→ **WORK TO BE COMPLETED**
Going through the material below, output exactly the lines from the one containing "Xty9p7 Bfo Cold" through the one containing "Topolino Carillon Dolce Notte Clementoni", and no pictures.

→ **RECORDS FOR THIS EXERCISE**
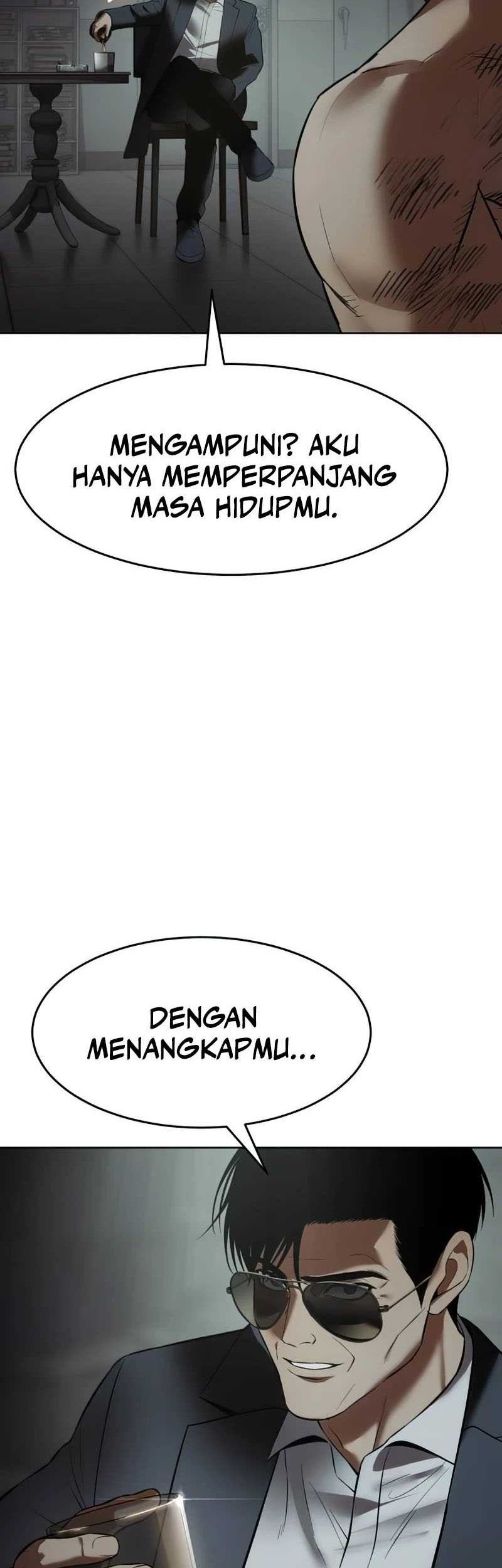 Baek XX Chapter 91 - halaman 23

* * *

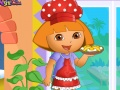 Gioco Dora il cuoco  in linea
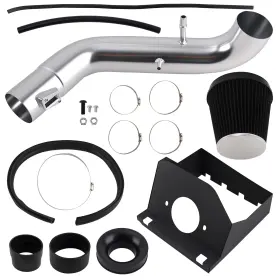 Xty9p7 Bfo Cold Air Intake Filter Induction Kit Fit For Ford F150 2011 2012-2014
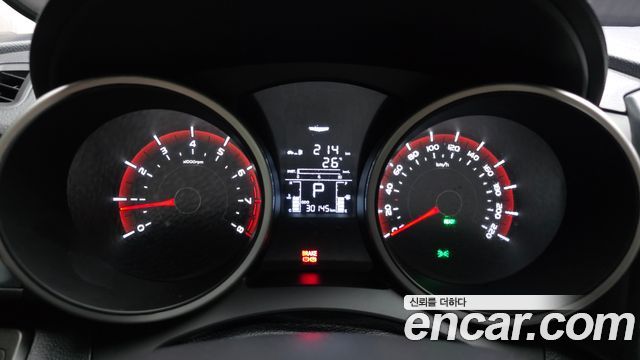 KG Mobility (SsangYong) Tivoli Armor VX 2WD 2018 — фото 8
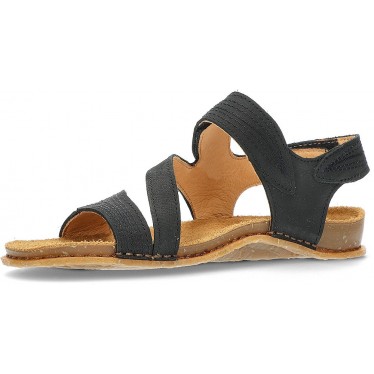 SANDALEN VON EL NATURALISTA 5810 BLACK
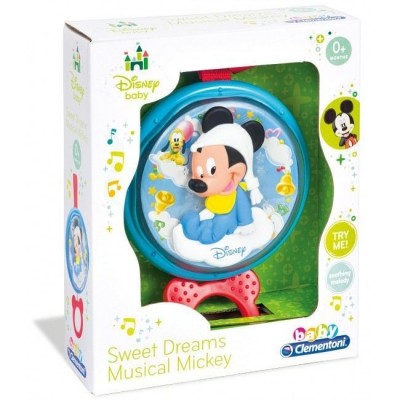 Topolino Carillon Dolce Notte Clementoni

--

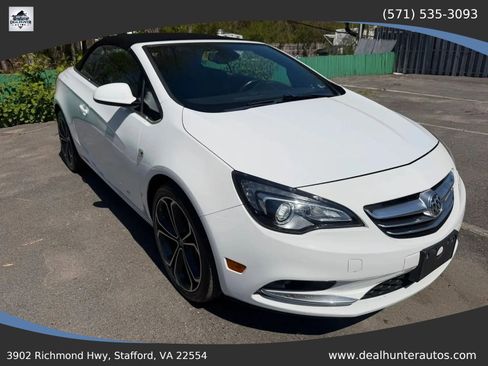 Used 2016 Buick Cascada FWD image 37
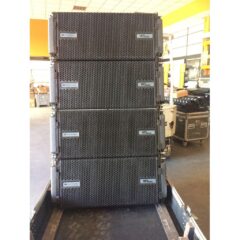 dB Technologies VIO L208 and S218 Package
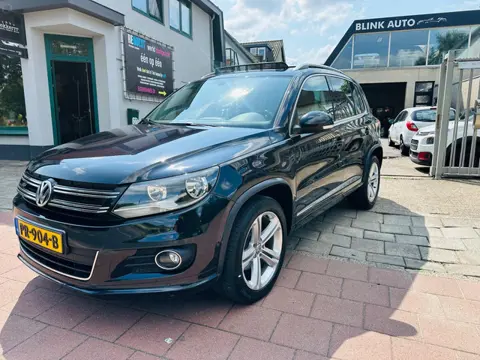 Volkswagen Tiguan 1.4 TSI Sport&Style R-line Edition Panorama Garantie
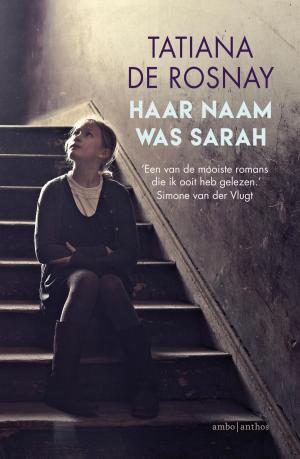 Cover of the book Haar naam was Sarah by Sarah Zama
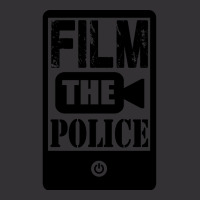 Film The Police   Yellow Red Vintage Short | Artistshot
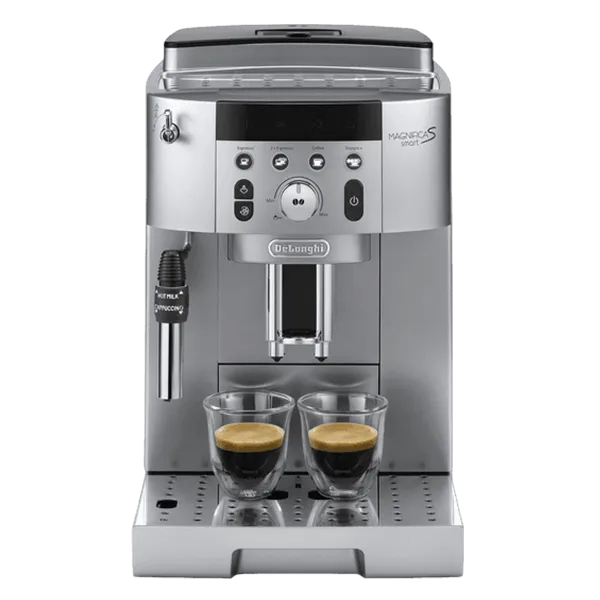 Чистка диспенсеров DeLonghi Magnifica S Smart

→ **RESPONSE FOR THIS EXERCISE**
 Xty9p7 Bfo Cold Air Intake Filter Induction Kit Fit For Ford F150 2011 2012-2014
 KG Mobility (SsangYong) Tivoli Armor VX 2WD 2018 — фото 8
 SANDALEN VON EL NATURALISTA 5810 BLACK
 Topolino Carillon Dolce Notte Clementoni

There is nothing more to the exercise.